In [None]:
!python -m spacy download nb_core_news_sm > /dev/null

In [185]:
import os
import pandas as pd
import spacy
from spacy.lang.nb.examples import sentences 
from nltk.tokenize import word_tokenize
import re
import string
from nltk.corpus import stopwords
import fasttext
from nltk import NaiveBayesClassifier
from nltk import classify
import random
import tqdm
from itertools import groupby

In [72]:
def filter_split_dataset(metadata_df = None):
    """Filter out nynorsk, and split into train and test datasets.
    
    :param metadata_df: pd.DataFrame object with metadata.
    
    :return: 2-tuple of train and test pd.DataFrames
    """
    if metadata_df is None:
        metadata_df = pd.read_json(f"data/metadata.json").T
        
    bokmål_mask = metadata_df.language == "nb"
    
    metadata_df = metadata_df[bokmål_mask]
    
    train_mask = metadata_df.split == "train"
    test_mask = metadata_df.split == "test"
        
    return metadata_df[train_mask], metadata_df[test_mask]
    

In [172]:
def process_documents(doc, lemmatizer=None, remove_newlines=False):
    """Tokenize and lemmatize.
    
    :param document: String.
    :param remove_newlines: Bool, whether to remove newline characters.
    :param lemmatizer: Function Str -> iter(Str,)
    
    :return: [Spacy Doc? object,]
    """
    
    assert isinstance(doc, str), "doc has to be of type str, {type(doc)} is not supported."
    
    if lemmatizer is None:
        lemmatizer = spacy.load("nb_core_news_sm")
    
    if remove_newlines:
        doc = re.sub('\n', '', doc)
    
    return lemmatizer(doc)

In [173]:
def clean_document(doc, stop_words, **process_kwargs):
    """Cleans up document, normalising words and removing stop_words.
    
    :param doc: [Str]
    :param stop_words: [Str] to exclude
    :param **process_kwargs: Passed to process_documents
    
    :return: [[Str]], list of tokens for each doc
    """
    full_list = []
    for token in process_documents(doc, **process_kwargs):
        if token.lemma_ not in stop_words:
            if token.lemma_ in string.punctuation:
                full_list.append(token.lemma_)
            else:
                full_list.append(f" {token.lemma_}")
    
    return full_list

In [75]:
def get_documents(metadata_df=None, path="data", processed=False, ret=["rating", "authors"]):
    """Get documents of a specific type.
    
    Filter out reviews in nynorsk.
    
    :param path: Str path to folder with test and train folders.
    :param dataset: Determines which type to look for.
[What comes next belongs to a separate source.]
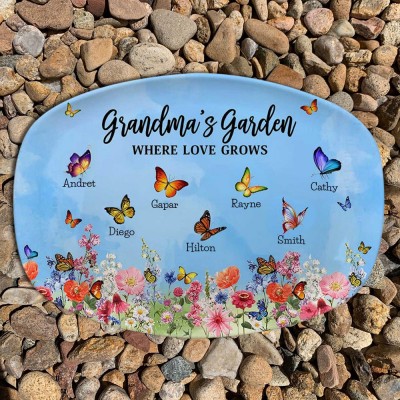 Custom Grandma's Garden Flower Butterfly Platter With Grandkids Name For Mother's Day Christmas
Either `train` or `test`.
    :param processed: Whether to look for already processed data or not.
    :param ret: Columns from each document to return alongside the document itself. [Rating and authors]
    
    :return: iter(Str,) of documents
    """
    
    if metadata_df is None:
        metadata_df = pd.read_json(f"{path}/metadata.json").T
    
    full_path = f"{path}/%s/%s{'p' if processed else ''}.txt"
    
    for (_, review) in metadata_df.iterrows():
        document = open(f"{path}/{review['split']}/{str(review['id']).zfill(6)}{'p' if processed else ''}.txt", "r").read()
        yield document, *[review[col] for col in ret]

In [93]:
def make_processed_datasets(debug=False, **datasets):
    """Make fasttext-style dataset, with each line being a text.
    
    :param debug: Set to true to only process first doc.
    :param **datasets: pd.DataFrames of the metadata format
    
    Create files `../data/processed/<kwarg_key>.txt`, with each line
    being on the form `__label__<1-6> <a document, without linebreaks>.
    
    :return: None
    """
    for split, dataset in datasets.items():
        num_docs = len(dataset)
        
        text_list = []
        file = open(f'../data/processed/{split}.txt', 'a')
        for doc, rating in tqdm.tqdm(get_documents(path="../data", metadata_df = dataset, ret=["rating"]), total=len(dataset)):
            
            clean_str = "".join(clean_document(doc, stop_words=stop_words, lemmatizer=lemmatizer, remove_newlines=True))
            text_list.append(f"__label__{rating} {clean_str}\n")
            
            if debug:
                break
                    
        random.shuffle(text_list)
        
        with open(f"../data/processed/{split}.txt", "w") as file:
            file.write("\n".join(text_list))
        

In [77]:
metadata_df = pd.read_json(f"../data/metadata.json").T

In [78]:
def set_gender(authors, authors_df):
    """Gives gender of a list of authors based on labeled names in a df.
    
    :param authors: [Str,] where each element is an author
    :param authors_df: pd.DataFrame with names as index and a column with gender info.
    
    :return: `m` for male, `k` for female, or `u` for unknown or ambigous.
    """
    if len(authors) == 1:
        return authors_df.gender[authors[0]]
    else:
        gender = authors_df.gender[authors[0]]
        for author in authors[1:]:
            if gender != authors_df.gender[author]:
                return "u"
        return gender

def label_author_gender(metadata_df):
    """Finds all author names, and prompts user to label their gender.
    
    Stores author genders in `../data/authors.csv`.
    
    :param metadata_df: pd.DataFrame
    
    :return: metadata_df with gender column.
    """
    
    all_authors = []
    for authors in metadata_df.authors:
        all_authors.extend(authors)
    all_authors = list(set(all_authors))

    first_names = list(set([full_name.split()[0] for full_name in all_authors]))

    genders = {}
    i = 0
    while i < len(first_names):
        gender = input(f"Sex of `{first_names[i]} ({i}/{len(first_names)})`: ")
        if gender.lower() in ["m", "k", "u"]:
            genders[first_names[i]] = gender.lower()
            i += 1
        elif gender.lower() == "r":
            i -= 1
            print("Correcting error, type last gender again.")
        else:
            print("Type either `m` for male, `k` for female, or `u` for unknown/other.")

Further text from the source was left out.